Como consequência da política de juros tresloucados, tocada pelo Banco Central (BC) “independente”, a despesa nesta área consolidou-se como a segunda mais elevada na execução orçamentária, atrás apenas dos gastos com benefícios previdenciários. Essa configuração da execução orçamentária tende a causar urticária entre porta-vozes dos interesses do mercado financeiro. A ortodoxia econômica divide as despesas entre primárias e financeiras. Aquelas de caráter financeiro, quer dizer, juros e amortizações, são consideradas à parte e não entram, por isso mesmo, no cálculo do resultado primário (que corresponde à diferença entre receitas e despesas com o devido desconto de gastos financeiros). Sob o ponto de vista da contabilidade pública, os juros representam sim uma despesa. Como não sobram recursos provenientes da arrecadação de impostos, contribuições, taxas e de outras fontes para fazer frente ao gasto financeiro, para honrar os juros, o governo federal vê-se obrigado a vender títulos no mercado para captar recursos, ampliando seu endividamento.

Balanço

  • A despesa com juros no ano passado foi 48,3% mais elevada do que todos os recursos destinados ao pagamento da folha de pessoal e encargos, que vinham sendo achatados pelo governo. Na passagem de 2021 para 2022, em termos reais, os gastos com servidores sofreram baixa de 6,08%, caindo de R$ 365,608 bilhões para R$ 343,381 bilhões, num corte de R$ 22,227 bilhões.

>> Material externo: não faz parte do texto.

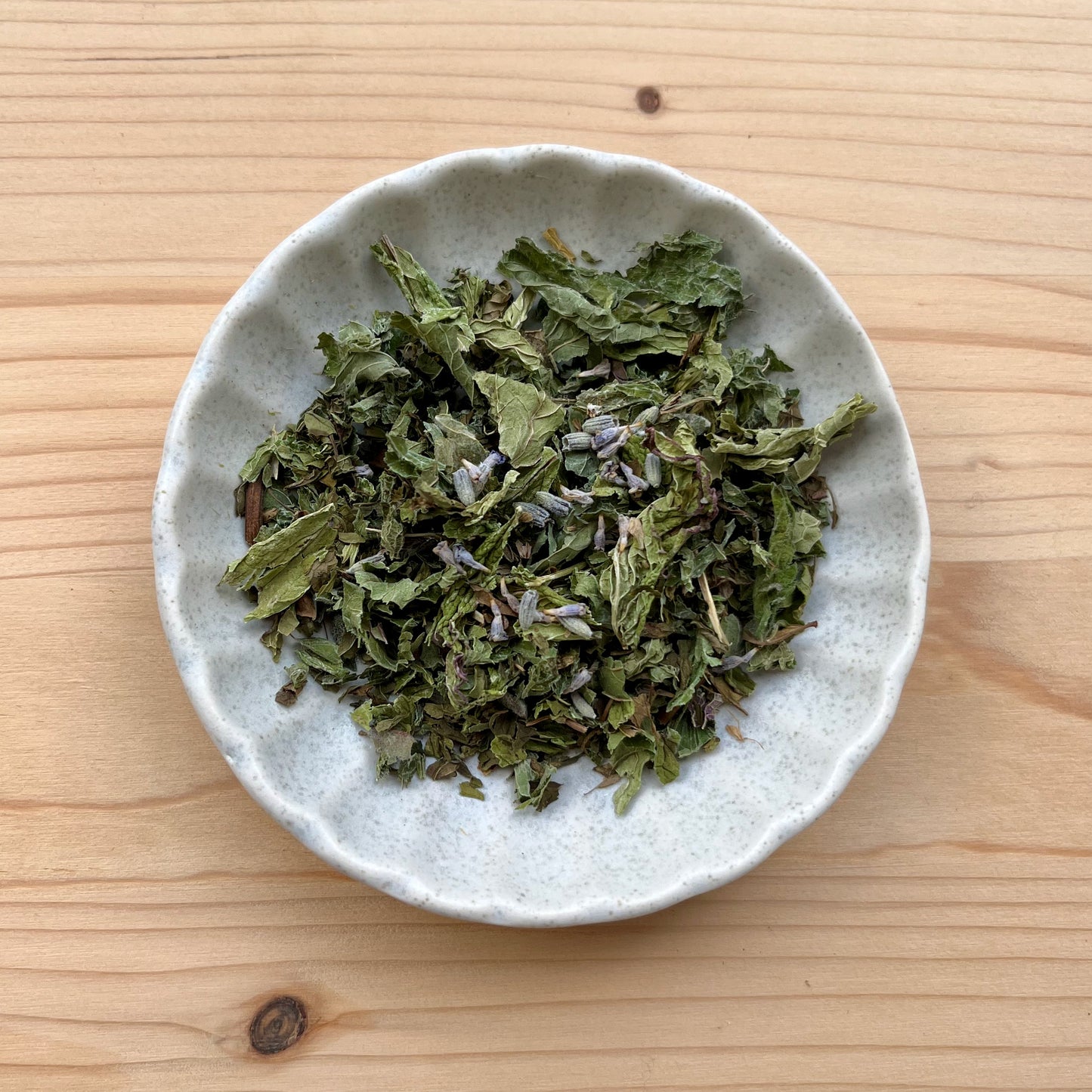 Dried green leaves in a small white bowl on a wooden surface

  • A despesa primária total apresentou variação real de 2,14% ao passar de R$ 1,792 trilhão para R$ 1,830 trilhão, em grandes números, subindo o equivalente a R$ 38,388 bilhões. Mas com a inclusão dos juros, o gasto passa a apresentar crescimento de 4,40%. Nesta conta muito pouco ortodoxa, o gasto total do Tesouro avançou de R$ 2,241 trilhões para quase R$ 2,340 trilhões, o que correspondeu a um acréscimo de R$ 98,554 bilhões.
  • Ainda assim, a relação dessa despesa com o PIB baixou de 25,18% para 23,79% em função principalmente da maior variação nominal do produto, que teria avançado 10,53% na estimativa do BC (lembrando que esse índice não desconta a variação dos preços dos diversos componentes do PIB e, portanto, não deve ser entendido como a variação do volume das riquezas produzidas no ano pela economia em seu conjunto).
  • De volta ao tema, os juros perdem apenas para as despesas com o pagamento de benefícios previdenciários, que apresentaram variação de 2,57% entre 2021 e 2022, passando de R$ 789,179 bilhões para R$ 809,504 bilhões. A variação foi menos intensa do que aquela observada para a arrecadação líquida de contribuições dentro do Regime Geral de Previdência Social (RGPS), que avançou 6,31% em termos reais. A valores de dezembro do ano passado, a arrecadação no setor avançou de R$ 511,772 bilhões para R$ 544,084 bilhões. Enquanto a conta das despesas com benefícios mostrou acréscimo de R$ 20,325 bilhões, a arrecadação anotou incremento de R$ 32,312 bilhões. Esse comportamento fez o déficit da Previdência Social apresentar recuo de 4,32% na mesma comparação, baixando de R$ 277,408 bilhões para R$ 265,420 bilhões (ou R$ 11,987 bilhões a menos).
  • O resultado primário, sem a inclusão dos juros, trocou de sinais na saída de 2021 para 2022, passando de um déficit próximo a R$ 40,166 bilhões para superávit (receitas maiores do que despesas) de R$ 57,078 bilhões, numa “virada” de quase R$ 97,245 bilhões.
  • Se incluída a conta dos juros, ainda sem os devidos ajustes em geral realizados pela STN nesse tipo de cálculo, o resultado passa a ser negativo, ainda que tenha demonstrado redução entre aqueles dois anos. O rombo, nessa conta ainda preliminar, baixou de R$ 489,260 bilhões para R$ 452,183 bilhões, encolhendo 7,58% em termos reais.